The Struggle for Independence in Africa

The Struggle for Independence in Africa

In one of his important books entitled The Wretched of the Earth, originally published in 1961, Frantz Fanon (2004, p. 3) argues that “In its bare reality, decolonization reeks of red-hot cannonballs and bloody knives. For the last can be the first only after a murderous and decisive confrontation between the two protagonists (colonizer and colonized). This determination to have the last move up to the front, to have them clamber up (too quickly, say some) the famous echelons of an organized society, can only succeed by resorting to every means, including, of course, violence…The colonized, who have made up their mind to make such an agenda into a driving force, have been prepared for violence from time immemorial.

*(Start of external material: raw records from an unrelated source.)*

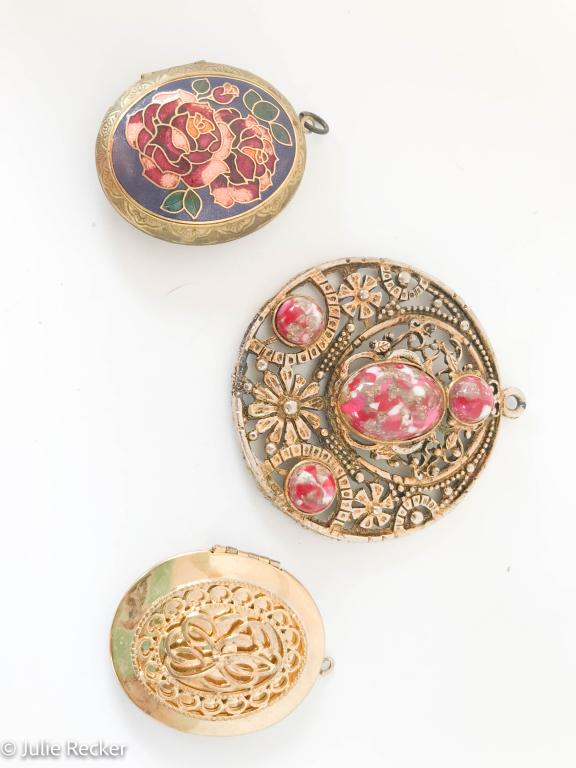 3 LARGE PENDANT ,LOCKETS: 1 PENDANT , 2 PENDANT LOCKETS , VINTAGE STYLE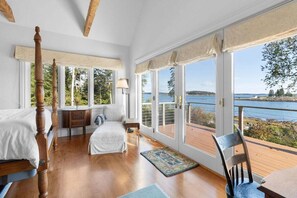 4 slaapkamers, een strijkplank/strijkijzer, gratis wifi, beddengoed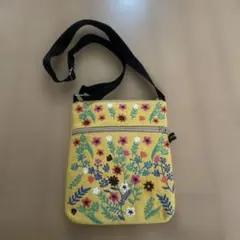 新品未使用　花柄刺繍ショルダーバッグ イエロー　ポシェット　サコッシュ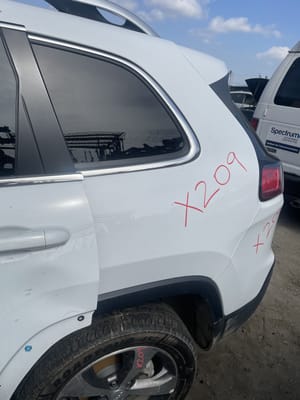 2020 Jeep Cherokee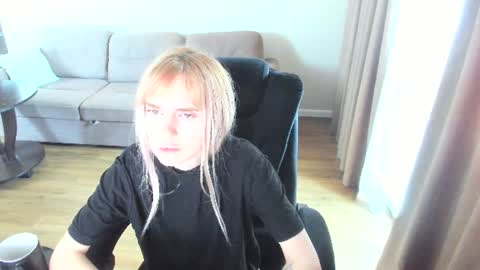 vickydragons online show from August 9, 8:15 am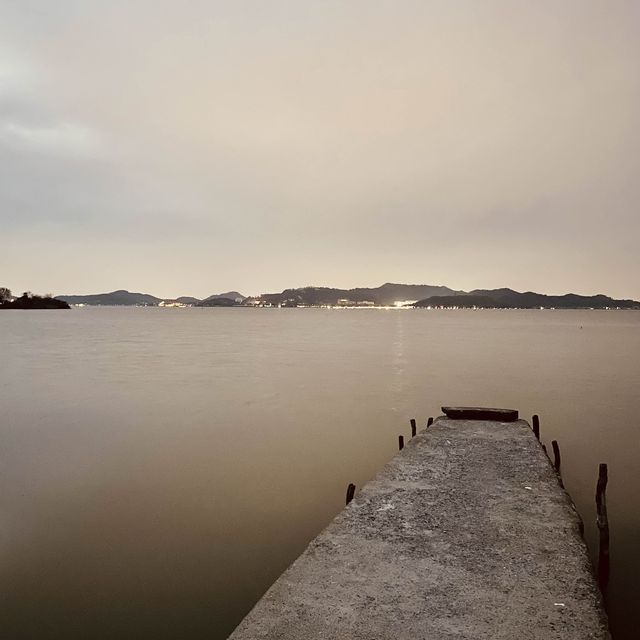 Discovering the Beauty of Dongqian Lake
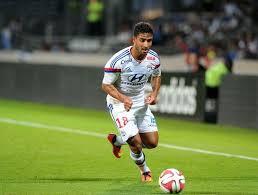 Calciomercato, niente Inter, Fekir rinnova con il Lione fekir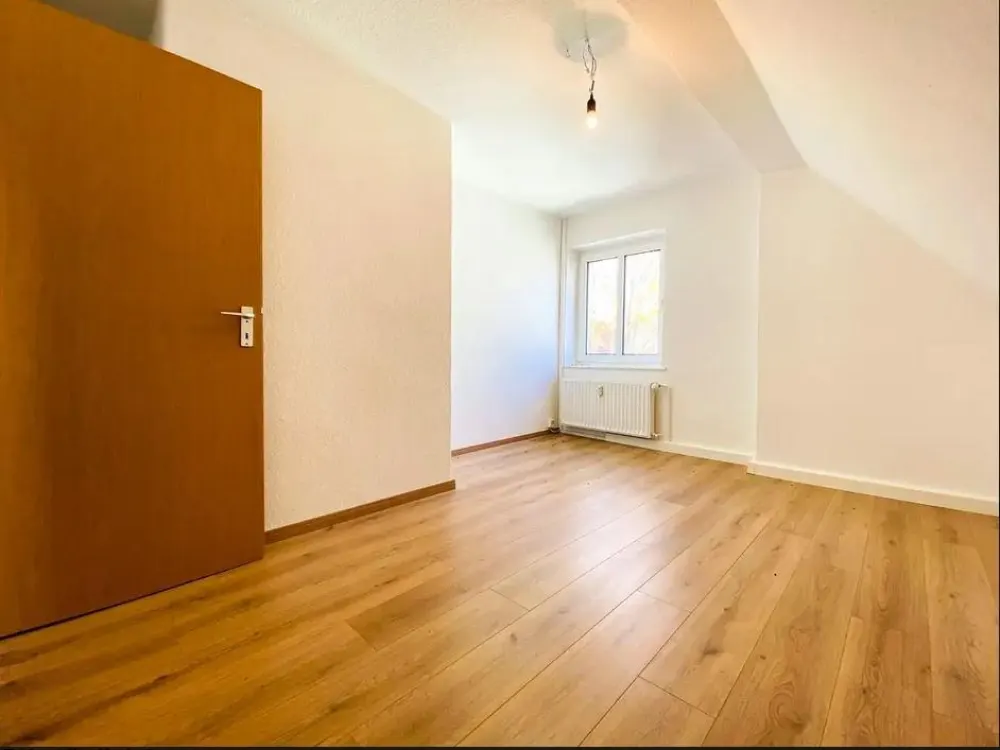 Gemütliche 3 Raum DG Wohnung, renoviert, WG-geeignet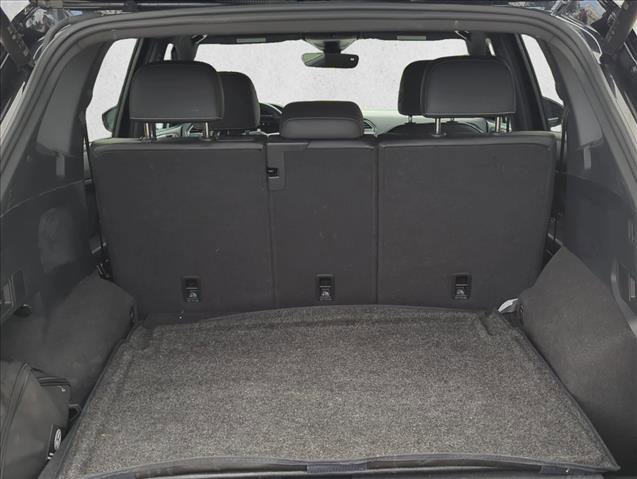 Used 2024 Volkswagen Tiguan SEL R-Line image 5
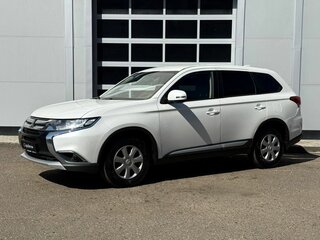 2018 Mitsubishi Outlander III Рестайлинг 3, белый, 1491000 рублей, вид 1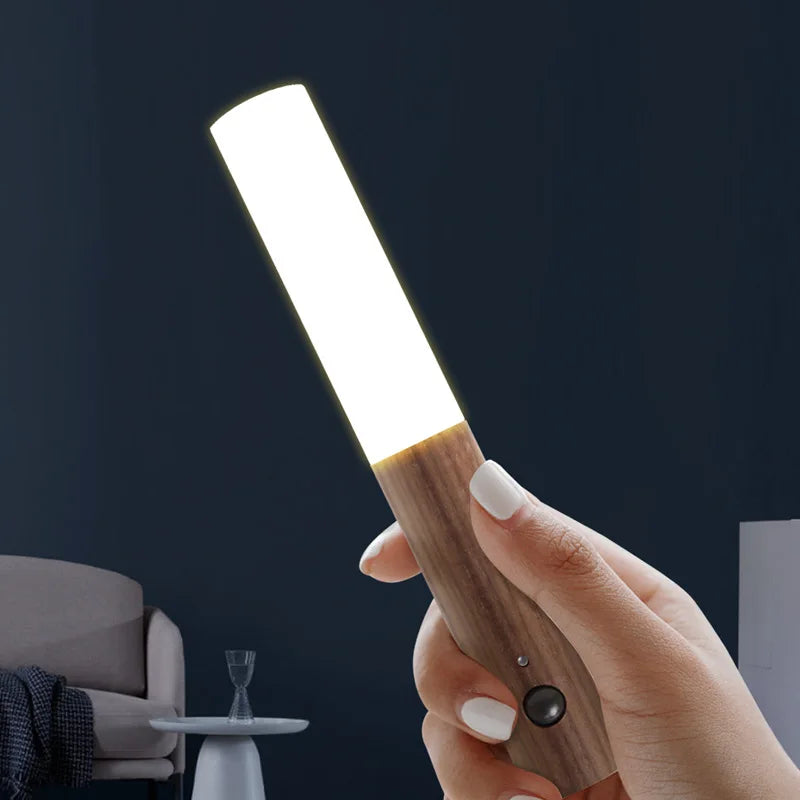 Lámpara LED con sensor de movimiento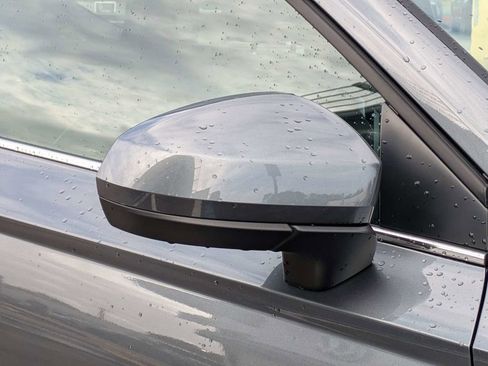 Used 2025 Volkswagen Taos SE w/ Panoramic Sunroof Package image 12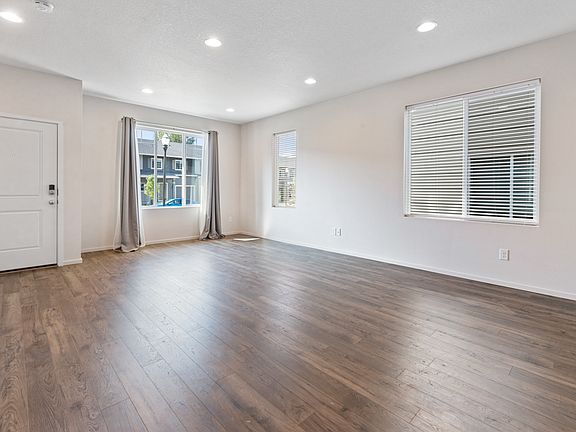 4th image of 11730 NE 21st Way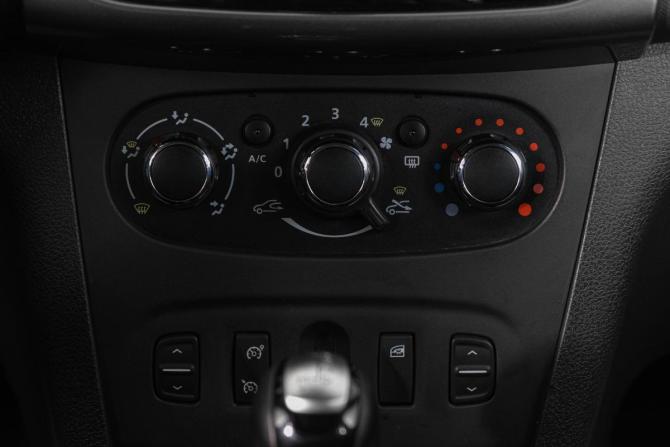 Renault Logan II с пробегом 2017 года, цена 889 000 рублей, 109000 км, седан, Автокод Объявления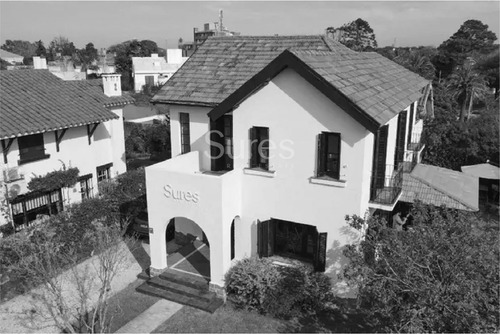 Oficina En Venta Sobre La Rambla Portuaria, Ciudad Vieja (ref: Srs-1217)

As soon as they are born, it is obvious to them that their cramped world…can only be challenged by out and out violence.” In countries such as Zimbabwe, Mozambique, South Africa, Algeria, Angola, Namibia and Kenya, African people fought anti-colonial wars to free themselves and achieve their independence from colonial rule. Using Fanon’s argument in The Wretched of the Earth from page 1-62, discuss the role and place of revolutionary violence in continental African liberation struggles. Would you say that Africans were justified to make recourse to violence in their quest for freedom? In making your argument, take into consideration the various ways in which colonialism resisted African nationalist demands for freedom through repressive laws and violence of its own. The reading is attached.